If you don't want to read the entire email, just scroll down to words
"systemd packages".


"What's the problem?"
=====================
There's such thing as Linux. I often tell people how great it is - it's so
flexible, you can always modify it the way you want.

But what makes it great? Programs? Features? Price? No, it's Unix philosophy
behind it. The best part of it is:
    "Write programs that do one thing and do it well"
What's so good in it?

The matter is that there's no ideal program. Of course every program has
bugs, but that's not the main reason. The main reason is that people don't
like when program does not do what they expect AND different people expect
different things. This is where the philosophy hits.

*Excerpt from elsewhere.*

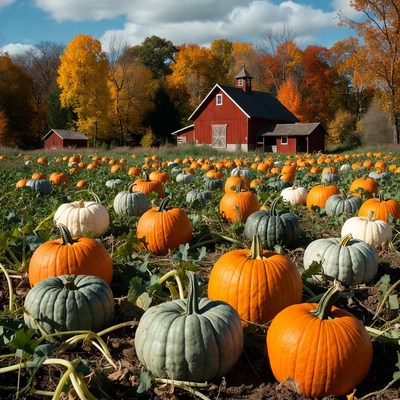 Red Barn in Pumpkin Patch Field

On the windows-like systems, when something does not work like you want,
it's still a single highly integrated system, you can't do much about it.
But in Linux, where the system is a number of separated components, you
can replace any part of it and everything else will still work. You don't
like KDE - there's GNOME. You like KDE apps, but don't like KDE WM - easy,
replace it with compiz and use the rest of KDE apps as usual. You need some
light WM to save memory - IceWM is for you, all the browsers and office
programs will still work there. You're setting up a server and don't want
Xorg to eat your resources - no problem, just remove it. If you need, you
can replace every part of the system, DM (KDM, GDM, XDM, SLIM), glibc
(uclibc, eglibc), init-daemon (sysvinit, initng, upstart), even kernel...
It's so cool, not many systems in the world give you such a great flexibility.
All this works because in Linux all programs "do one thing and do it well".

And there comes systemd, which aims to do every thing in the world and a
few more. The question one can think when he sees it - is it really a
linux program?


"Bla-bla-bla, what do you suggest?"
===================================
You can split it up! Make it the Unix way. Instead of a large and highly
integrated bunch of programs make it a number of small separated components
with weak dependencies between each other.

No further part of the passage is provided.